The summarize_relatedness function provides a dataframe of within-host relatedness

relatedness_summary <- moire::summarize_relatedness(mcmc_results)

head(relatedness_summary) |>
  kable() |>
  kable_styling(bootstrap_options = c("striped", "hover", "condensed"))

sample_id	post_relatedness_lower	post_relatedness_med	post_relatedness_upper	post_relatedness_mean
QG0182-C	NA	NA	NA	NaN
QG0183-C	0.0070207	0.5699971	0.8141899	0.4491186
QG0184-C	0.9993327	0.9993360	0.9993471	0.9993373
QG0185-C	0.9954492	0.9954609	0.9954958	0.9954689
QG0186-C	0.2001541	0.8753348	0.9416712	0.7888673
QG0187-C	NA	NA	NA	NaN

The moire tool introduces a new metric called effective MOI, which adjusts for within-host relatedness.

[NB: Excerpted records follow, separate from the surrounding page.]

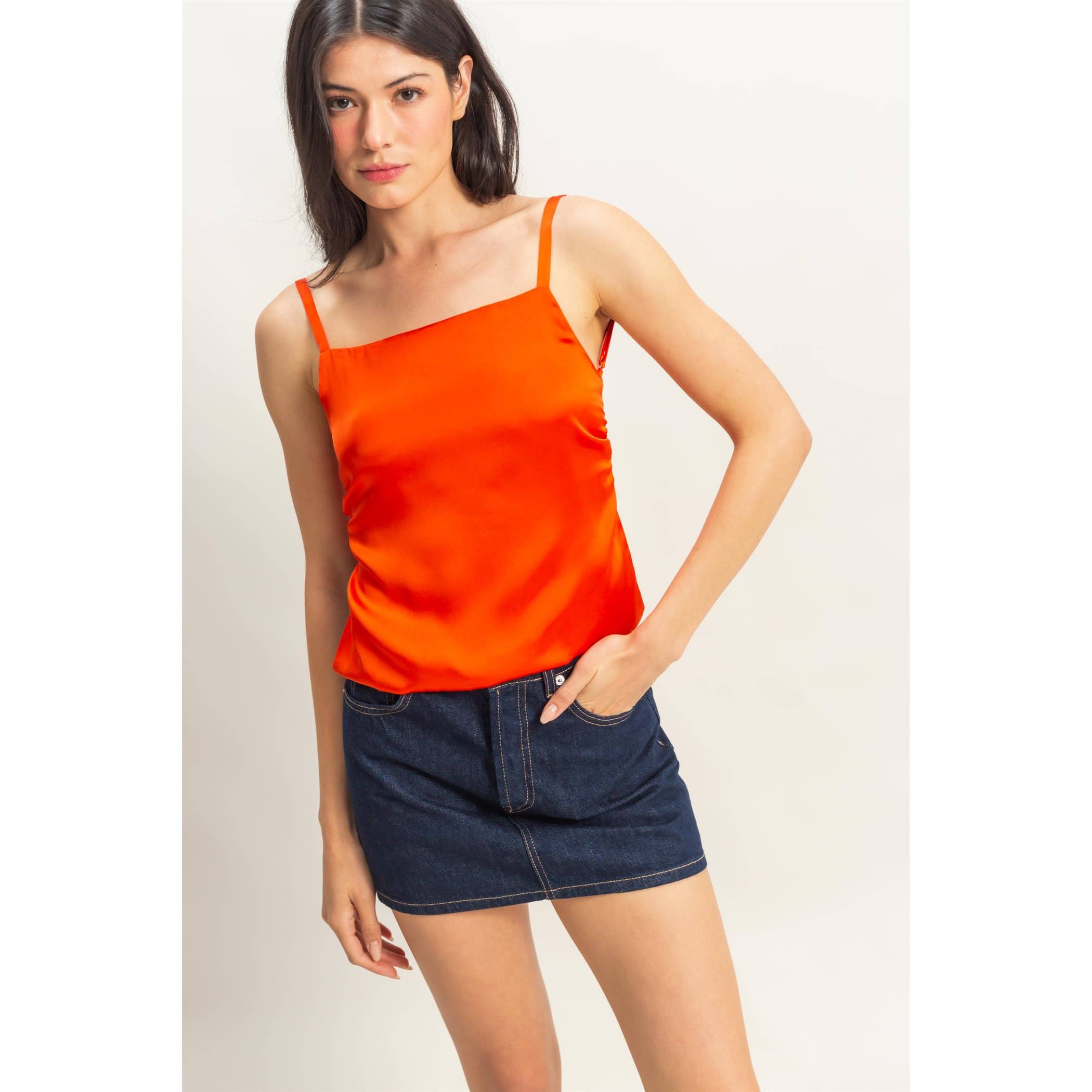 Satin Back Tie Detail Sleeveless Top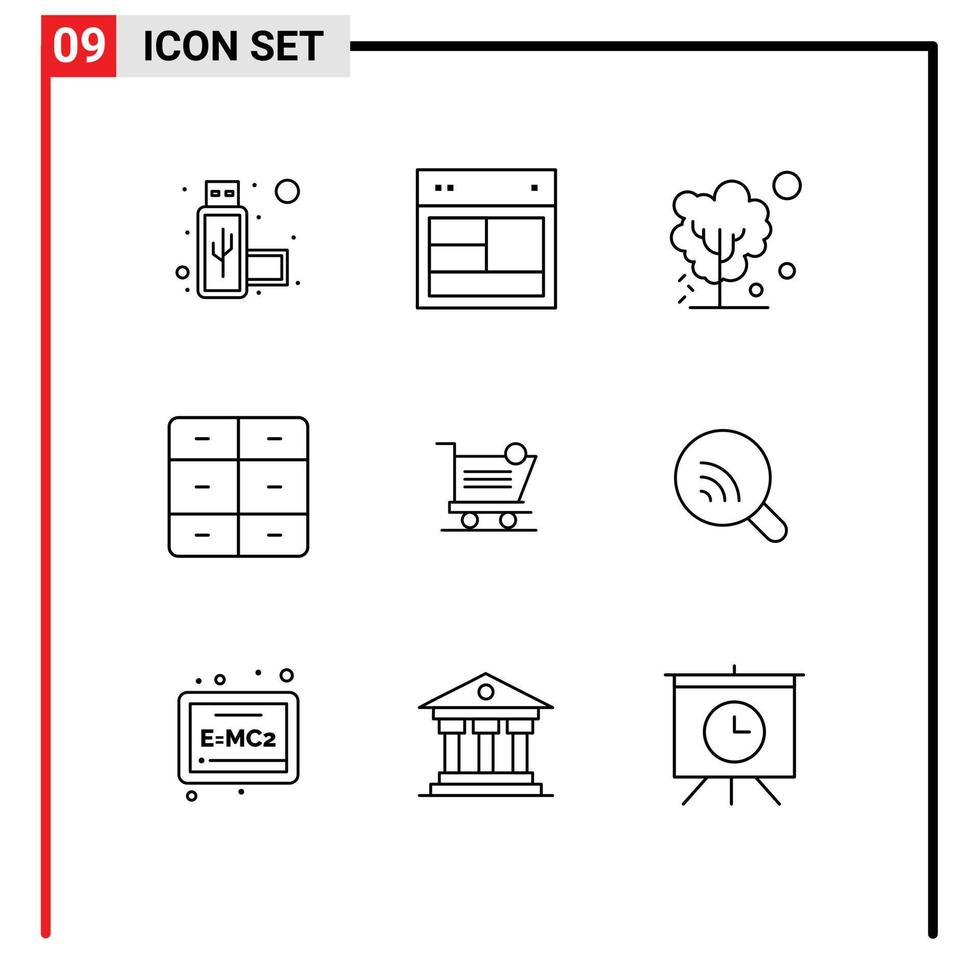 mobile interfaccia schema impostato di 9 pittogrammi di carrello mobilia asciutto arredamento riscaldamento modificabile vettore design elementi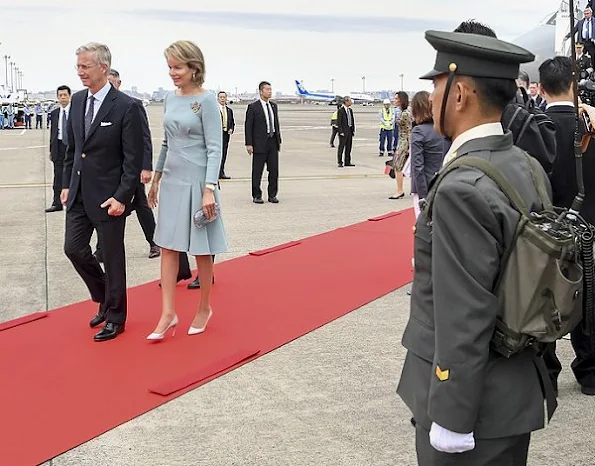 Belgian King Philippe and Queen Mathilde arrive at the Tokyo International Airport, Queen Mathilde wore dress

A detailed description of this metric and how to interpret it can be found here.

effective_coi_summary <- moire::summarize_effective_coi(mcmc_results)

head(effective_coi_summary) |>
  kable() |>
  kable_styling(bootstrap_options = c("striped", "hover", "condensed"))

sample_id	post_effective_coi_lower	post_effective_coi_med	post_effective_coi_upper	post_effective_coi_mean
QG0182-C	1	1	1.000000	1.000000
QG0183-C	1	1	1.796385	1.057058
QG0184-C	1	1	1.000000	1.000012
QG0185-C	1	1	1.000000	1.000032
QG0186-C	1	1	1.078041	1.008387
QG0187-C	1	1	1.000000	1.000000

Summary

In summary, moire estimates allele frequencies, MOI, and within-host relatedness. We have shown how to generate basic results from a VCF. MOIRE has extensive documentation, including more details on other functionality available within the tool and a tutorial validating the outputs using simulated data.